It’s almost a good thing that we’ve never been entirely able to figure out how human memory works, because if we did, we’d probably just forget. Memory has always been that kind of meta-mystery, and one of its greatest puzzles is the question of what’s known as working memory: information we hold in short-term storage, like a phone number we’ll need to call or a face we’ll need to recognize at a meeting, and can then forget.
Unlike long-term memories, which are thought to be preserved in synaptic connections among nets of neurons that are effectively permanent, the neurons involved in short-term memories have to be able to decouple easily. Those temporary memories are forged at all, researchers have believed, thanks to a low level of electrical activation that keeps the particular pattern of brain cells linked for only as long as they have to be before they power down and the memory can be erased.
Now, however, in a paper published in Science, a team of investigators at the University of Wisconsin, Madison, have discovered an entirely different mechanism. Working memories, it seems, are preserved in a latent or hidden state, existing without any evident activation at all until the moment they’re needed.

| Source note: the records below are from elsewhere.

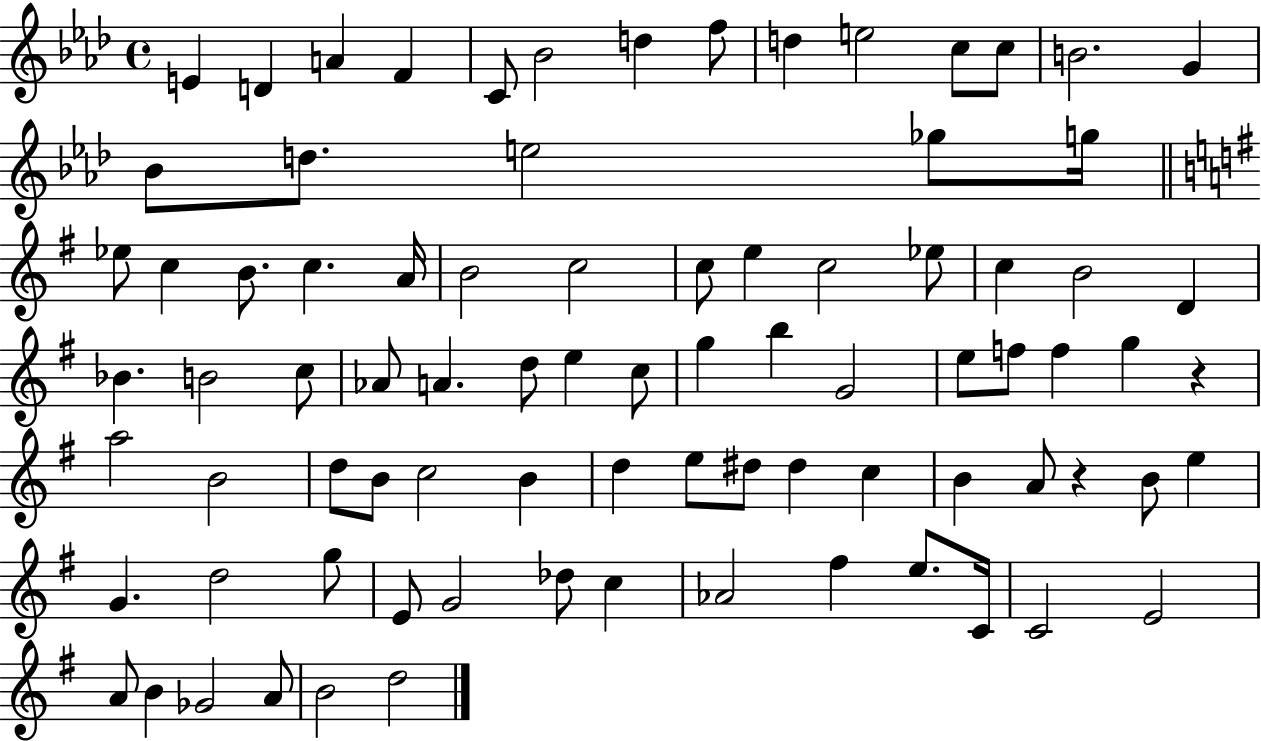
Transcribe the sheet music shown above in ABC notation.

X:1
T:Untitled
M:4/4
L:1/4
K:Ab
E D A F C/2 _B2 d f/2 d e2 c/2 c/2 B2 G _B/2 d/2 e2 _g/2 g/4 _e/2 c B/2 c A/4 B2 c2 c/2 e c2 _e/2 c B2 D _B B2 c/2 _A/2 A d/2 e c/2 g b G2 e/2 f/2 f g z a2 B2 d/2 B/2 c2 B d e/2 ^d/2 ^d c B A/2 z B/2 e G d2 g/2 E/2 G2 _d/2 c _A2 ^f e/2 C/4 C2 E2 A/2 B _G2 A/2 B2 d2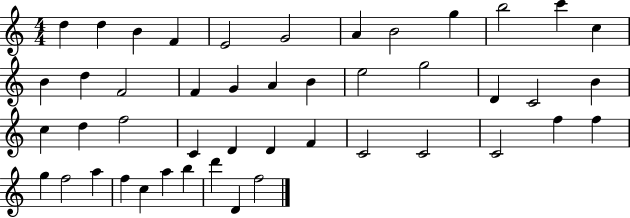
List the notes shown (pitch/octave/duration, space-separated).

D5/q D5/q B4/q F4/q E4/h G4/h A4/q B4/h G5/q B5/h C6/q C5/q B4/q D5/q F4/h F4/q G4/q A4/q B4/q E5/h G5/h D4/q C4/h B4/q C5/q D5/q F5/h C4/q D4/q D4/q F4/q C4/h C4/h C4/h F5/q F5/q G5/q F5/h A5/q F5/q C5/q A5/q B5/q D6/q D4/q F5/h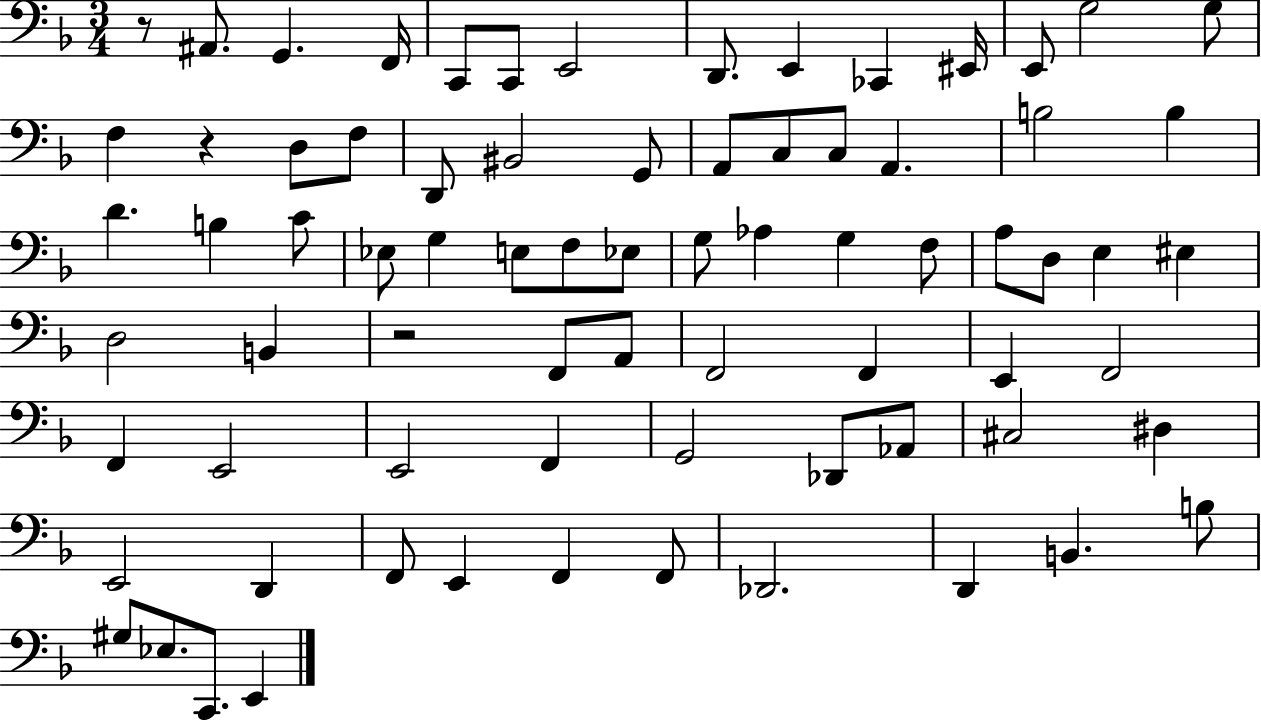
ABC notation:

X:1
T:Untitled
M:3/4
L:1/4
K:F
z/2 ^A,,/2 G,, F,,/4 C,,/2 C,,/2 E,,2 D,,/2 E,, _C,, ^E,,/4 E,,/2 G,2 G,/2 F, z D,/2 F,/2 D,,/2 ^B,,2 G,,/2 A,,/2 C,/2 C,/2 A,, B,2 B, D B, C/2 _E,/2 G, E,/2 F,/2 _E,/2 G,/2 _A, G, F,/2 A,/2 D,/2 E, ^E, D,2 B,, z2 F,,/2 A,,/2 F,,2 F,, E,, F,,2 F,, E,,2 E,,2 F,, G,,2 _D,,/2 _A,,/2 ^C,2 ^D, E,,2 D,, F,,/2 E,, F,, F,,/2 _D,,2 D,, B,, B,/2 ^G,/2 _E,/2 C,,/2 E,,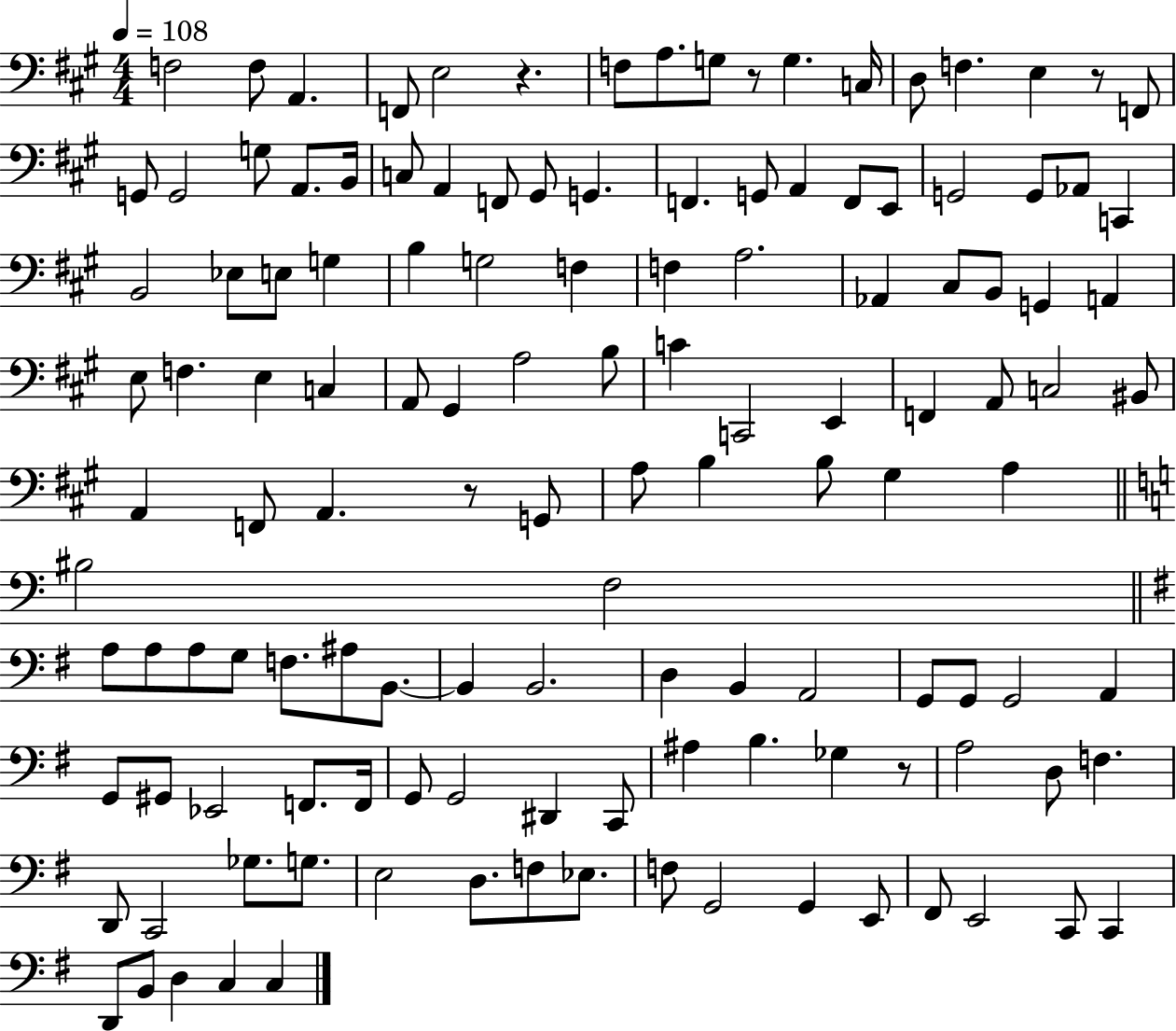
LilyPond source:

{
  \clef bass
  \numericTimeSignature
  \time 4/4
  \key a \major
  \tempo 4 = 108
  \repeat volta 2 { f2 f8 a,4. | f,8 e2 r4. | f8 a8. g8 r8 g4. c16 | d8 f4. e4 r8 f,8 | \break g,8 g,2 g8 a,8. b,16 | c8 a,4 f,8 gis,8 g,4. | f,4. g,8 a,4 f,8 e,8 | g,2 g,8 aes,8 c,4 | \break b,2 ees8 e8 g4 | b4 g2 f4 | f4 a2. | aes,4 cis8 b,8 g,4 a,4 | \break e8 f4. e4 c4 | a,8 gis,4 a2 b8 | c'4 c,2 e,4 | f,4 a,8 c2 bis,8 | \break a,4 f,8 a,4. r8 g,8 | a8 b4 b8 gis4 a4 | \bar "||" \break \key c \major bis2 f2 | \bar "||" \break \key g \major a8 a8 a8 g8 f8. ais8 b,8.~~ | b,4 b,2. | d4 b,4 a,2 | g,8 g,8 g,2 a,4 | \break g,8 gis,8 ees,2 f,8. f,16 | g,8 g,2 dis,4 c,8 | ais4 b4. ges4 r8 | a2 d8 f4. | \break d,8 c,2 ges8. g8. | e2 d8. f8 ees8. | f8 g,2 g,4 e,8 | fis,8 e,2 c,8 c,4 | \break d,8 b,8 d4 c4 c4 | } \bar "|."
}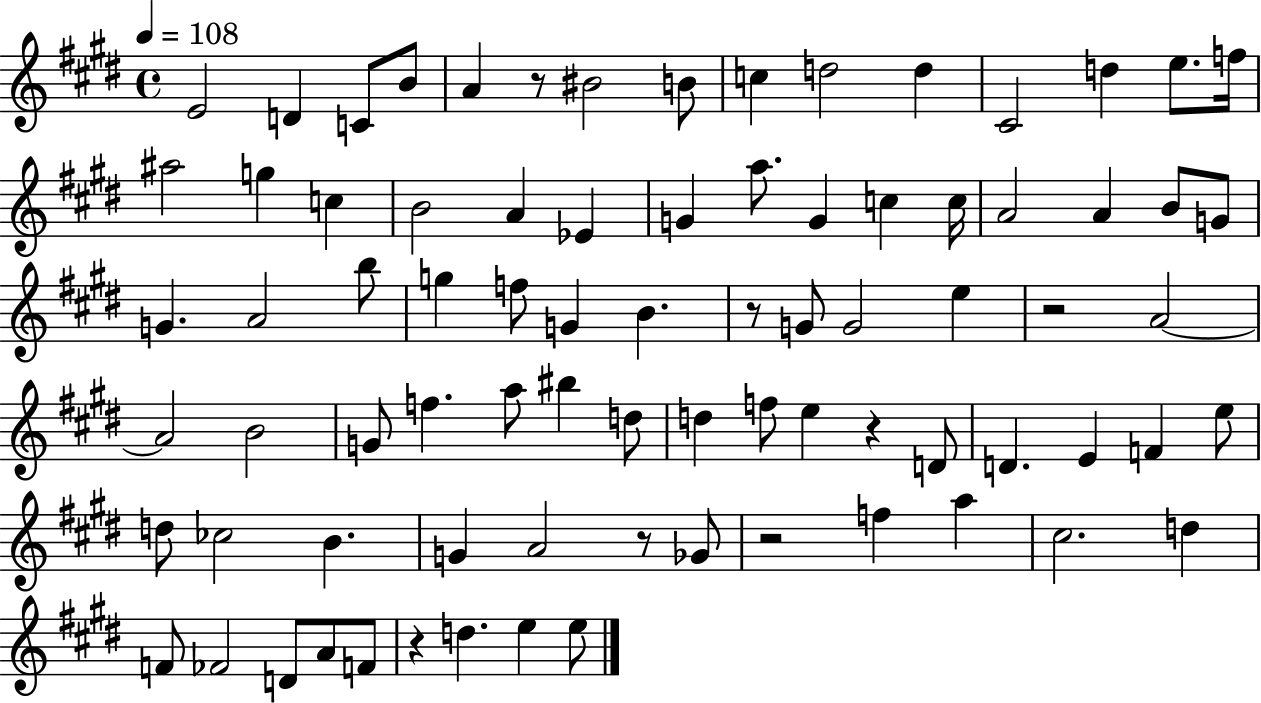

The study, led by psychologist Nathan Rose, involved a sample group of subjects who participated in three different memory tasks. In one, they were asked to remember a face flashed on-screen and then select a match from a group of faces that were displayed later. In some cases, a precisely matching face would be among the later samples; in other cases it would be merely a very similar one. In either case the goal was to pick the best face from among the ones offered.
“We used computer generated, novel faces rather than, for example, famous faces,” Rose explained in an email to TIME, “so that people couldn’t simply hold onto associated names or details.”
The other tests were a bit more straightforward: remembering the direction in which a group of dots was moving and picking the closest match from a series of later groups; and remembering a word and selecting the closest rhyme for it from a group of other words. All of the tasks were made a bit more difficult by the fact that the original images flashed on the screen for only one second, followed by a 7.5 second pause, followed by a one-second flash for the later matching choices. What’s more, the subjects would have to keep all three original images in mind—the face, the moving dots and the rhyming words—before being tested on any one of them. In some cases they were told which one to expect to have to match up first. In other cases they weren’t.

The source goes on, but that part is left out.